| DESCRIPTION OF THE TASK |
Please reproduce all entries word for word, leaving every image behind.

| MATERIAL PROVIDED |
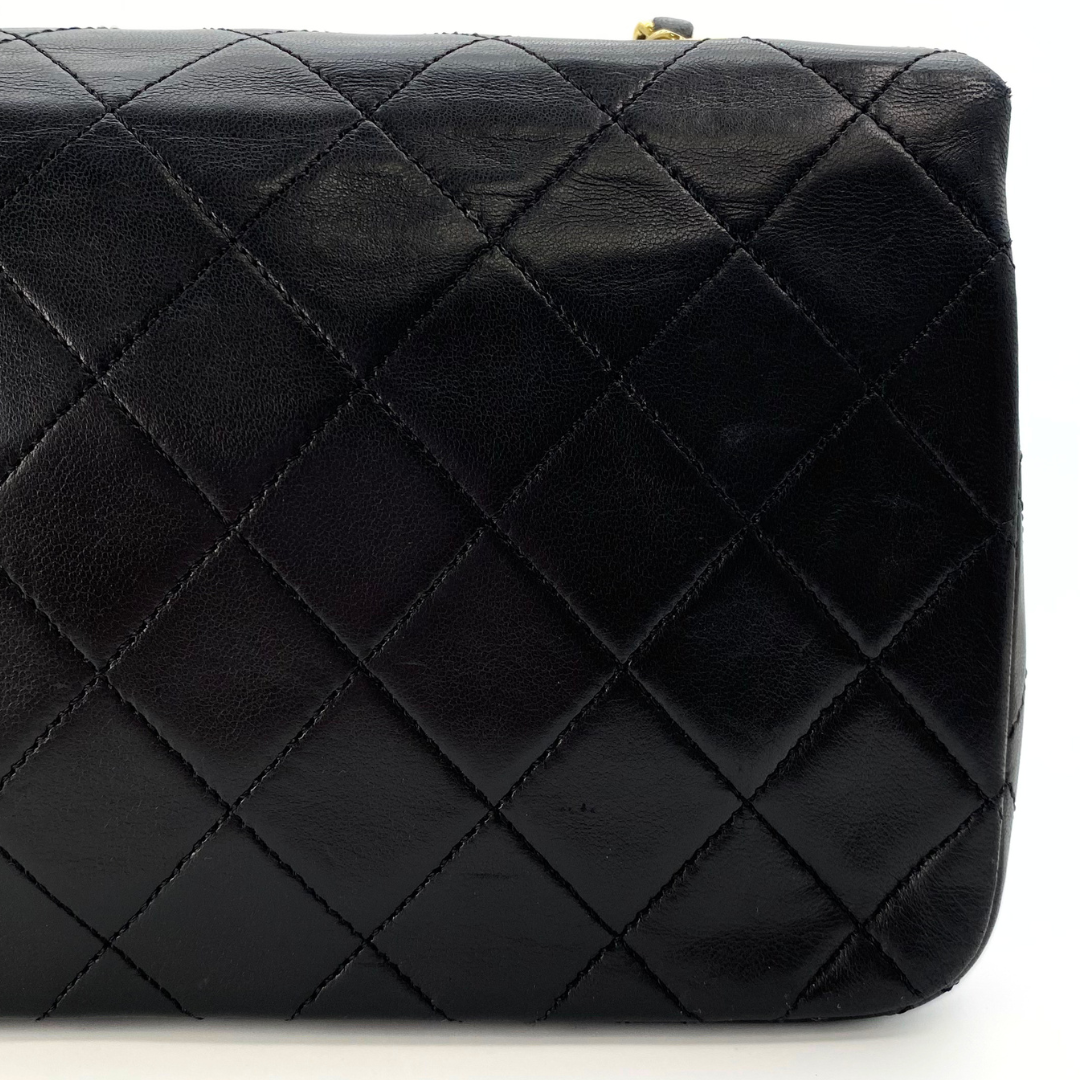 Beckett, 1 Series Small Full Flap Black Lambskin with seal and card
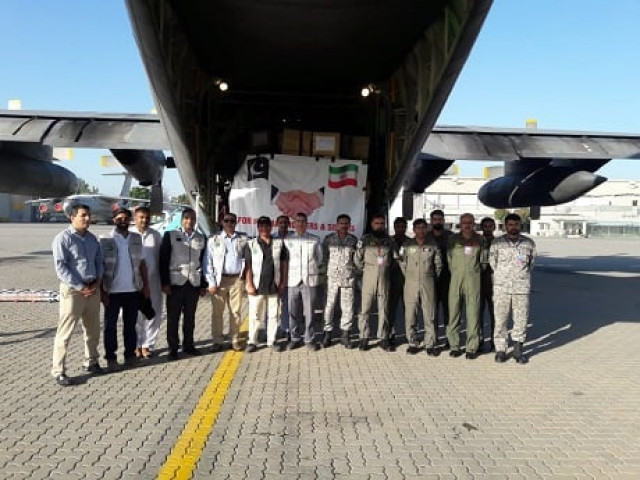 pakistan sends consignment of aid to flood hit iran photo express pakistan sends consignment of aid to flood hit iran photo express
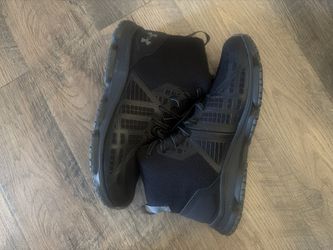 Under Armour Boots Size 11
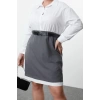 Moda Stil Fitted Gömlek Yaka Mini Boy Büyük Beden Kemerli Gömlek-Etek Büyük Beden Dokuma Elbise
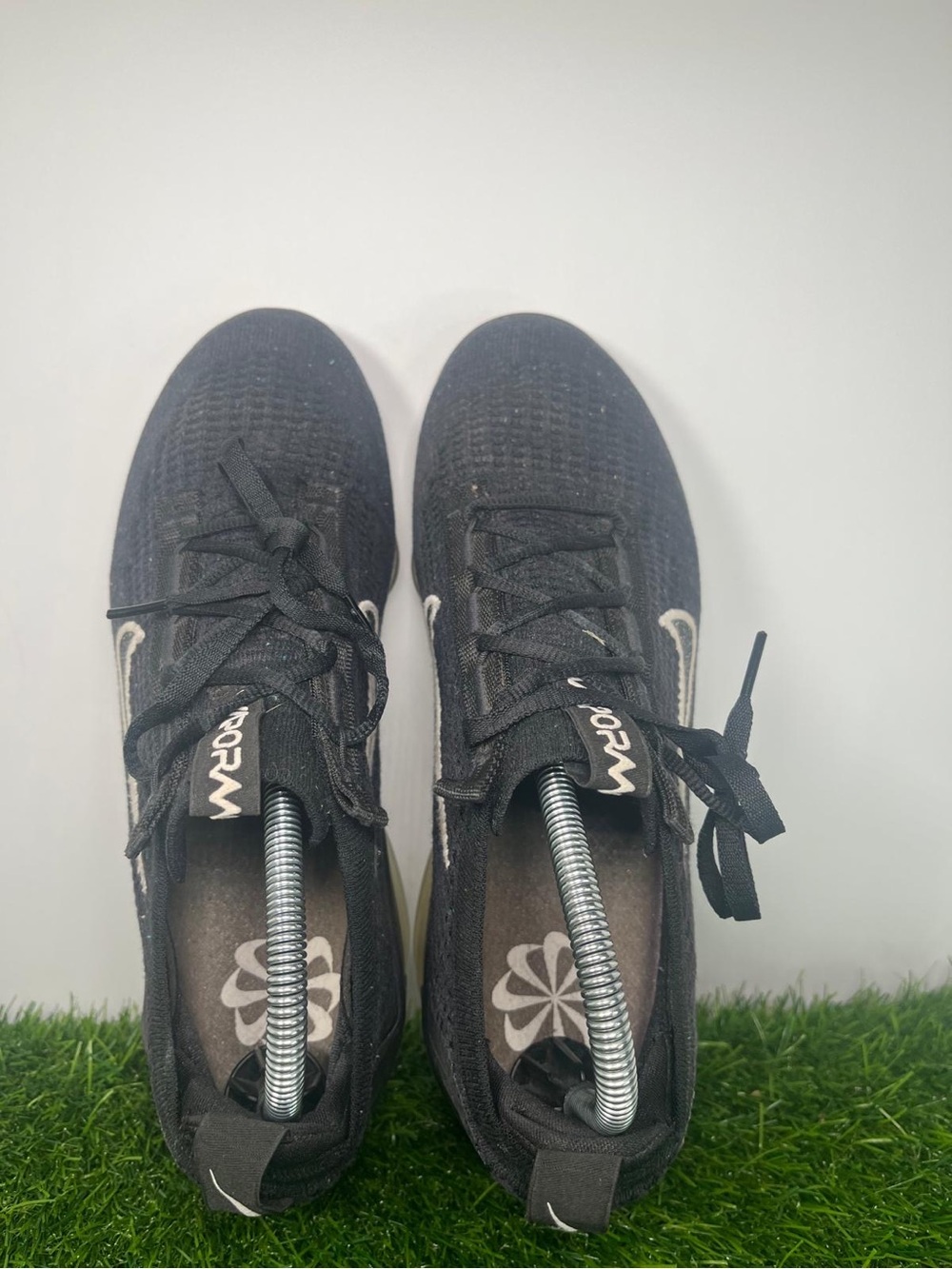 Nike Air VaporMax Flyknit Women’s Size 10 Black White Running Shoes Sneakers - Picture 5 of 8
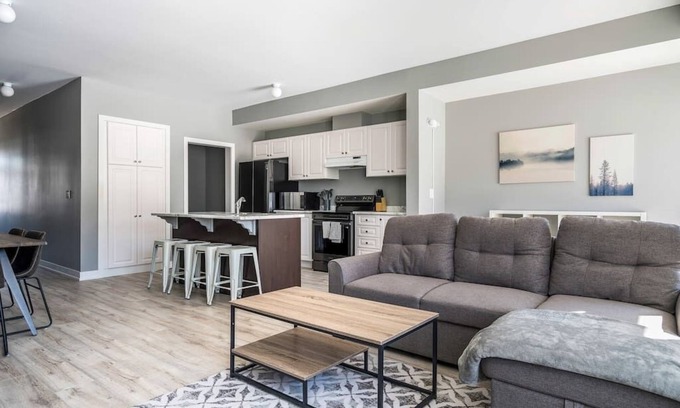 The Blue Mountains House | Blue Mountain Village Townhome 3 Bedroom w Shuttle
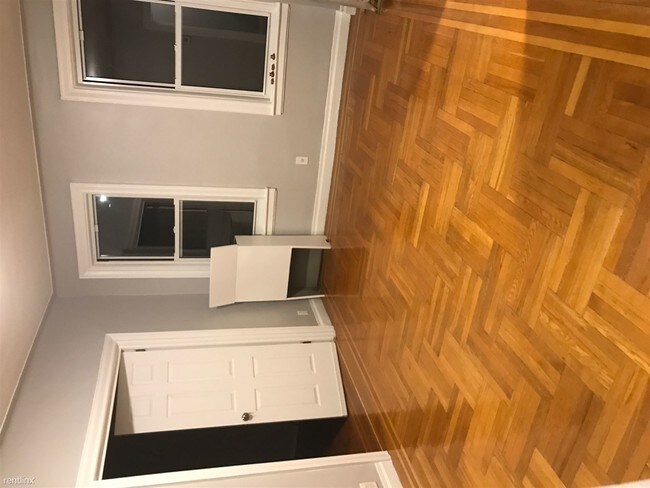 Building Photo - 4 br, 1 bath Apartment - 2729 21st St
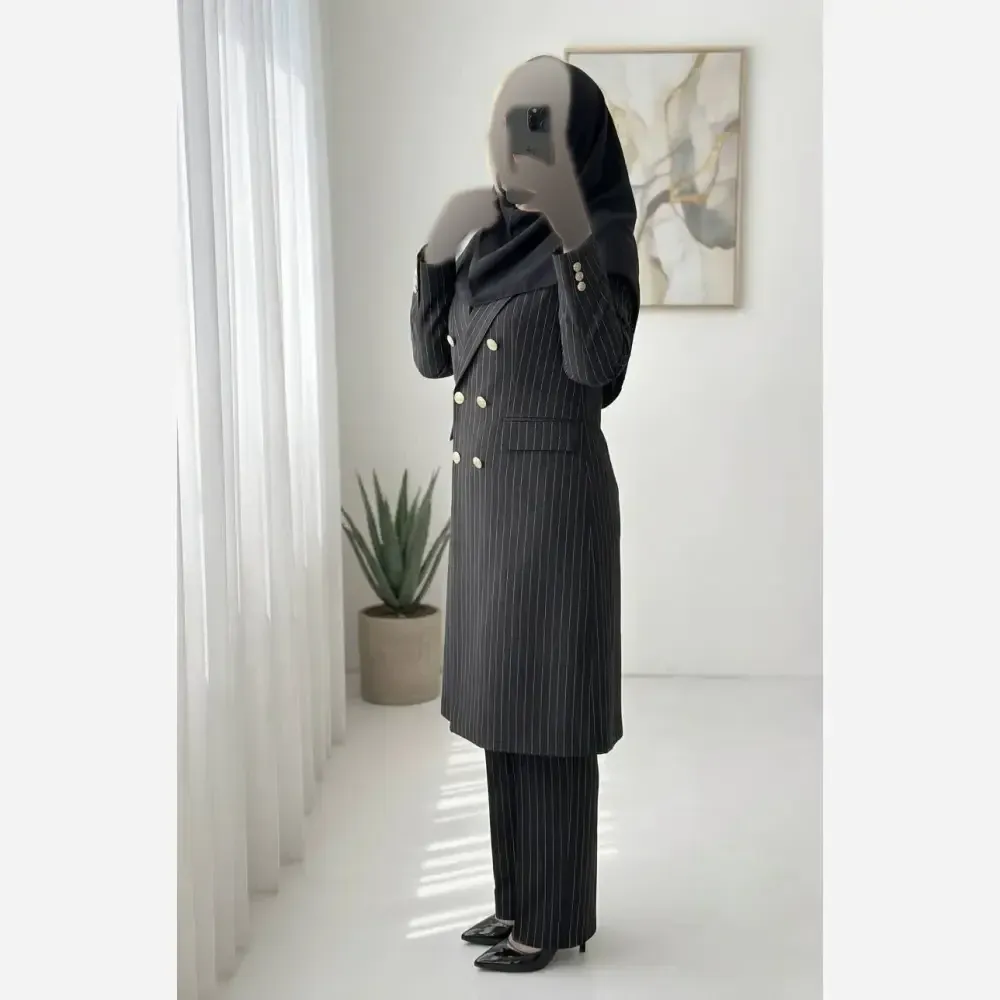 ست اداری و مجلسی زنانه مدل سارا پارچه مازراتی کجراه درجه یک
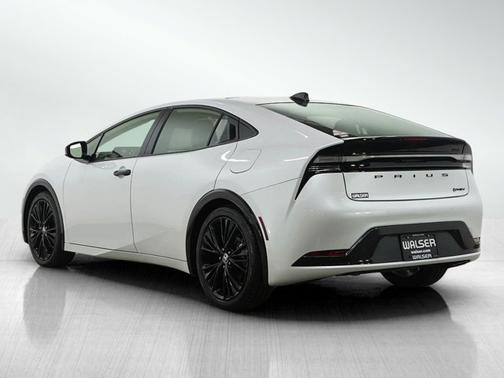 2026 Toyota Prius Plug-In Hybrid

| ANSWER TO THIS TASK |
 Beckett, 1 Series Small Full Flap Black Lambskin with seal and card
 pakistan sends consignment of aid to flood hit iran photo express pakistan sends consignment of aid to flood hit iran photo express
 Under Armour Boots Size 11
 Moda Stil Fitted Gömlek Yaka Mini Boy Büyük Beden Kemerli Gömlek-Etek Büyük Beden Dokuma Elbise
 Nike Air VaporMax Flyknit Women’s Size 10 Black White Running Shoes Sneakers - Picture 5 of 8
 The Blue Mountains House | Blue Mountain Village Townhome 3 Bedroom w Shuttle
 Building Photo - 4 br, 1 bath Apartment - 2729 21st St
 ست اداری و مجلسی زنانه مدل سارا پارچه مازراتی کجراه درجه یک
 2026 Toyota Prius Plug-In Hybrid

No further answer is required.